We have presented how to determine the completeness of a dataset using the Saxon Pediatric IBD Registry as an example. The transparency of the process of data collection and the question of data quality is the main focus. The Publication can also serve as a concrete example for other researchers to apply the described C–R method.

The initial results of the Saxon Pediatric IBD Registry 2000–2014 were presented in this publication. The registry contains information on the diagnosis, diagnostic latency, symptoms, and infestation patterns, as well as diagnostic methods and treatment response, and thus maps the care of pediatric IBD patients in Saxony. In addition to providing comprehensive epidemiological data, it allows comparison with international studies. The determination of the high level of completeness of the register data also has consequences with regard to public health. The Saxon Pediatric IBD Registry can generate reliable data for both clinicians and health policy designers. The publications resulting from this high-quality register data set can be used as a basis for health policy planning and decision-making processes in the health care system. Since IBD is usually a lifelong disease, information on adequate care for pediatric patients is important not only for prognostic planning of health care, but especially for the daily quality of life of affected children and their families.
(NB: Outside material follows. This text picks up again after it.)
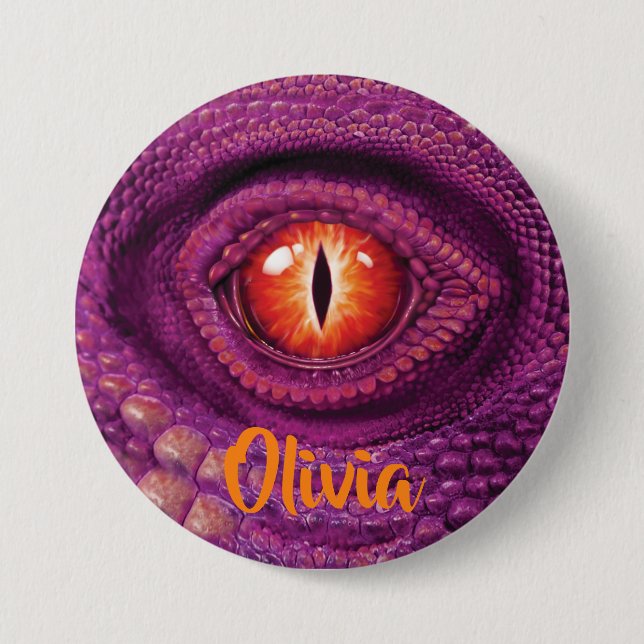 Large Badge with monogram Dragon's Eye (Front)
The outcome and endpoints of IBD patients with onset in childhood in Saxony may be interesting themes for the future, for example, the risk of cancer for pediatric onset of IBD (Komaki et al. 2021). The international Pediatric IBD Ahead Program with prognostic factors for outcome prediction (Ricciuto et al. 2021) has also been recently discussed. The completeness level of the Saxon Pediatric IBD Registry was verified using the capture–recapture method. Since it was found to be 98% complete, it can be regarded as a valid basis for future analyses.